[Items listed in a dataset]
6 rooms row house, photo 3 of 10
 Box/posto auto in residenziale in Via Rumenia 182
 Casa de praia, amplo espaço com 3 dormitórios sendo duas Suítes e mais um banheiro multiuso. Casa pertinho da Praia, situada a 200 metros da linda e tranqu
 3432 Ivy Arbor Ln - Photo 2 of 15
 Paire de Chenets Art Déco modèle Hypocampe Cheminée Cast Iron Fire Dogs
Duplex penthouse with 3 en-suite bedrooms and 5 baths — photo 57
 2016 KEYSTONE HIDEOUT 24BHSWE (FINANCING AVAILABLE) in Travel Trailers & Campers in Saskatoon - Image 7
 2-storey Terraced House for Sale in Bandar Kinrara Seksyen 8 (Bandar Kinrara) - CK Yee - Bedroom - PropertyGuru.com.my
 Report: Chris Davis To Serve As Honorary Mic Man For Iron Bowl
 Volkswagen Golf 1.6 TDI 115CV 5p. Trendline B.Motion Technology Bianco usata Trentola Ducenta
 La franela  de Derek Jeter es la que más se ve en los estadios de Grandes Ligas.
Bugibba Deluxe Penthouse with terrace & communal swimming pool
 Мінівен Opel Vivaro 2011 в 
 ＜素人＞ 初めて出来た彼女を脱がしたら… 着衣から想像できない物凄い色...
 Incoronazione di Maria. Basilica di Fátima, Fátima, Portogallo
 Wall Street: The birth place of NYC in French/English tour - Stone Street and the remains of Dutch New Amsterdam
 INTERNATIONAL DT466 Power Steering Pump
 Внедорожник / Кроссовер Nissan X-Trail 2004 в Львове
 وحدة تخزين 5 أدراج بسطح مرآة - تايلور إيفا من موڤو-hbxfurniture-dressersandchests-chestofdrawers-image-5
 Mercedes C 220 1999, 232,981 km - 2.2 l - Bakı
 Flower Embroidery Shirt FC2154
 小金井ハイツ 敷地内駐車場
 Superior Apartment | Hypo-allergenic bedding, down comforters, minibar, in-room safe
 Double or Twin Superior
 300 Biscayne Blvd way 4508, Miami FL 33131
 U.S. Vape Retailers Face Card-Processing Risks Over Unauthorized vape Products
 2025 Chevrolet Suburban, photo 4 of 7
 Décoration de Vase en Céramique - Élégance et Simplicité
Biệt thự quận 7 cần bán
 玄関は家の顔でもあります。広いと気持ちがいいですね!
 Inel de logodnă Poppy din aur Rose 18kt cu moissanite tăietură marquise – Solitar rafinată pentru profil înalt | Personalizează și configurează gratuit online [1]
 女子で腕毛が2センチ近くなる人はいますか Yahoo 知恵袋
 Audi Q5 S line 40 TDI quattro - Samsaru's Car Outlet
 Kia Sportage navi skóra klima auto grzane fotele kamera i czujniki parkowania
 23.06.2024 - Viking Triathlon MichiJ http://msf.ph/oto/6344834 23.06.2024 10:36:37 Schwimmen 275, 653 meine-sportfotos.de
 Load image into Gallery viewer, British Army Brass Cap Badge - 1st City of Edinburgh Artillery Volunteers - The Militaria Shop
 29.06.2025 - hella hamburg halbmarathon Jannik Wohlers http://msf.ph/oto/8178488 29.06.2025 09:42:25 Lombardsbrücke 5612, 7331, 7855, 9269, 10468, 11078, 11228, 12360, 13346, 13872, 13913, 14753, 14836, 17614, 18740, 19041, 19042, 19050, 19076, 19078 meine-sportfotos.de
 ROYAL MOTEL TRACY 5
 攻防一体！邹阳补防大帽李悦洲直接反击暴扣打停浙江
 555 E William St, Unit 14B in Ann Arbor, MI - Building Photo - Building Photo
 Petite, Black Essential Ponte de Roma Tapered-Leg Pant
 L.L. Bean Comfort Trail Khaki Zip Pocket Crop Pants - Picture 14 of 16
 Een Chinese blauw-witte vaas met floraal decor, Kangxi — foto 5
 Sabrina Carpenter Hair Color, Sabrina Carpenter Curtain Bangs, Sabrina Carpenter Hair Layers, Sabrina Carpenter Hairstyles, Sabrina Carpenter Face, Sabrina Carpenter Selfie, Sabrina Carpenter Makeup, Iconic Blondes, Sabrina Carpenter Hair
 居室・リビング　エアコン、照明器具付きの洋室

Exercise prompt:
Go through the records above and set each one down exactly, please.

Solution to the problem:
6 rooms row house, photo 3 of 10
 Box/posto auto in residenziale in Via Rumenia 182
 Casa de praia, amplo espaço com 3 dormitórios sendo duas Suítes e mais um banheiro multiuso. Casa pertinho da Praia, situada a 200 metros da linda e tranqu
 3432 Ivy Arbor Ln - Photo 2 of 15
 Paire de Chenets Art Déco modèle Hypocampe Cheminée Cast Iron Fire Dogs
Duplex penthouse with 3 en-suite bedrooms and 5 baths — photo 57
 2016 KEYSTONE HIDEOUT 24BHSWE (FINANCING AVAILABLE) in Travel Trailers & Campers in Saskatoon - Image 7
 2-storey Terraced House for Sale in Bandar Kinrara Seksyen 8 (Bandar Kinrara) - CK Yee - Bedroom - PropertyGuru.com.my
 Report: Chris Davis To Serve As Honorary Mic Man For Iron Bowl
 Volkswagen Golf 1.6 TDI 115CV 5p. Trendline B.Motion Technology Bianco usata Trentola Ducenta
 La franela  de Derek Jeter es la que más se ve en los estadios de Grandes Ligas.
Bugibba Deluxe Penthouse with terrace & communal swimming pool
 Мінівен Opel Vivaro 2011 в 
 ＜素人＞ 初めて出来た彼女を脱がしたら… 着衣から想像できない物凄い色...
 Incoronazione di Maria. Basilica di Fátima, Fátima, Portogallo
 Wall Street: The birth place of NYC in French/English tour - Stone Street and the remains of Dutch New Amsterdam
 INTERNATIONAL DT466 Power Steering Pump
 Внедорожник / Кроссовер Nissan X-Trail 2004 в Львове
 وحدة تخزين 5 أدراج بسطح مرآة - تايلور إيفا من موڤو-hbxfurniture-dressersandchests-chestofdrawers-image-5
 Mercedes C 220 1999, 232,981 km - 2.2 l - Bakı
 Flower Embroidery Shirt FC2154
 小金井ハイツ 敷地内駐車場
 Superior Apartment | Hypo-allergenic bedding, down comforters, minibar, in-room safe
 Double or Twin Superior
 300 Biscayne Blvd way 4508, Miami FL 33131
 U.S. Vape Retailers Face Card-Processing Risks Over Unauthorized vape Products
 2025 Chevrolet Suburban, photo 4 of 7
 Décoration de Vase en Céramique - Élégance et Simplicité
Biệt thự quận 7 cần bán
 玄関は家の顔でもあります。広いと気持ちがいいですね!
 Inel de logodnă Poppy din aur Rose 18kt cu moissanite tăietură marquise – Solitar rafinată pentru profil înalt | Personalizează și configurează gratuit online [1]
 女子で腕毛が2センチ近くなる人はいますか Yahoo 知恵袋
 Audi Q5 S line 40 TDI quattro - Samsaru's Car Outlet
 Kia Sportage navi skóra klima auto grzane fotele kamera i czujniki parkowania
 23.06.2024 - Viking Triathlon MichiJ http://msf.ph/oto/6344834 23.06.2024 10:36:37 Schwimmen 275, 653 meine-sportfotos.de
 Load image into Gallery viewer, British Army Brass Cap Badge - 1st City of Edinburgh Artillery Volunteers - The Militaria Shop
 29.06.2025 - hella hamburg halbmarathon Jannik Wohlers http://msf.ph/oto/8178488 29.06.2025 09:42:25 Lombardsbrücke 5612, 7331, 7855, 9269, 10468, 11078, 11228, 12360, 13346, 13872, 13913, 14753, 14836, 17614, 18740, 19041, 19042, 19050, 19076, 19078 meine-sportfotos.de
 ROYAL MOTEL TRACY 5
 攻防一体！邹阳补防大帽李悦洲直接反击暴扣打停浙江
 555 E William St, Unit 14B in Ann Arbor, MI - Building Photo - Building Photo
 Petite, Black Essential Ponte de Roma Tapered-Leg Pant
 L.L. Bean Comfort Trail Khaki Zip Pocket Crop Pants - Picture 14 of 16
 Een Chinese blauw-witte vaas met floraal decor, Kangxi — foto 5
 Sabrina Carpenter Hair Color, Sabrina Carpenter Curtain Bangs, Sabrina Carpenter Hair Layers, Sabrina Carpenter Hairstyles, Sabrina Carpenter Face, Sabrina Carpenter Selfie, Sabrina Carpenter Makeup, Iconic Blondes, Sabrina Carpenter Hair
 居室・リビング　エアコン、照明器具付きの洋室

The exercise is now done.